Our goal was an exploratory proof-of-concept, demonstrating seamless cooperation between an LLM and a symbolic expert system in autonomously compiling structured clinical data from free-text diagnostic reports. Specifically, our study makes four practical contributions: First, we integrate GPT-4 with the expert system Plato-3 so that extracted facts are validated by medical rules. Second, each AI-generated label includes the complete symbolic reasoning chain and the supporting GPT-4 evidence, providing explainability-by-design in natural language. Third, we show that the system does not require retraining of the language model; domain knowledge is provided entirely through the rule base. Fourth, the architecture is implemented on the semantic-unification platform RUDS, enabling interoperability with conventional software and realizing the vision of a practical neuro-symbolic clinical AI3,26,40,41. In addition, this work also explains the paradigm-unifying architecture of RUDS in detail and why it is needed here. Although our evaluation was modelled after a prior PET/CT clinical study42, it was not designed to produce new clinical findings. Instead, we show in this proof-of-concept study how the combined neuro-symbolic AI accurately extracts and structures 26 clinical parameters from 206 original, unedited [68Ga]Ga-PSMA-11 reports for recurrent prostate cancer (rPC). The system matches physician performance, outperforms GPT-4 alone, produces deterministic results without hallucinations, and prevents privacy breaches by controlling all data transfer. Taken together, this work demonstrates a practical implementation of the autonomous, context-aware AI originally envisioned by the Japanese fifth-generation computing initiative43.

Methods

Patient data

The study retrospectively analysed 206 diagnostic reports from 206 consecutive patients who had undergone [68Ga]Ga-PSMA-11 PET/CT scans in eight months between January and August 2018 at the Department of Nuclear Medicine, Inselspital Bern, Switzerland, adhering to Swiss ethical guidelines44. The Cantonal Ethics Committee Bern (Kantonale Ethikkommission Bern, Murtenstrasse 31 in 3010 Bern, Switzerland) approved retrospective usage of the patient reports (KEK-Nr. 2018–00299). All patients published in this manuscript signed a written informed consent form for the purpose of anonymized evaluation and publication of their data. No additional approval beyond that was obtained.

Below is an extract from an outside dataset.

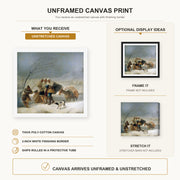 Francisco Goya - The Snowstorm (Winter) canvas print size comparison and framing display infographic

We chose [68Ga]Ga-PSMA-11 PET/CT reports because they paired a highly variable free-text narrative—including the patient history—with a compact, guideline-defined decision scheme, while the cohort size remained amenable to iterative human cross-checking. This combination creates a tractable but non-trivial testbed: if the neuro-symbolic pipeline can deliver deterministic answers here, it is well-poised to scale to larger clinical trials that share the same ‘unstructured-text + rule set’ pattern.’ Because the retrospective evaluation of PET/CT reports followed the design of a study published by Afshar-Oromieh et al.42, we were able to demonstrate real-world applicability, and the experience gained form this study also qualified the authors to develop the expert system’s ontology.

The diagnostic reports, originally written and checked by three nuclear medicine physicians unrelated to this study, were formatted into PDF files according to our institutional standards, codified and anonymized using the batch processing software PDF Replacer v.1.8.7.0 (pdfreplacer.com), and split evenly into a development set and a validation set. All reports were again checked manually for correct anonymization. We fabricated two wrongly anonymized sets using an author’s name and birthdate for testing the expert system’s ability to recognize un-anonymized reports before sending information to the LLM. The reports included 160 patients with rPC, 11 patients having undergone primary tumour staging (PTS), and 29 patients showing no cancer pathology. Two nuclear medicine physicians (C.M., A.A.O.) consensually extracted 26 study-relevant parameters (Table 1) from the 206 reports, providing a physician-generated reference with 5356 data points, e.g. labels. In case a label could not be elicited, both AI systems and the physicians were instructed to record a ‘N/A’ (not applicable). Inclusion and exclusion criteria were as previously published42, meaning that rPC, PTS, and non-pathological reports needed to be distinguished. For the study, the 206 reports were split evenly into a development set and a validation set.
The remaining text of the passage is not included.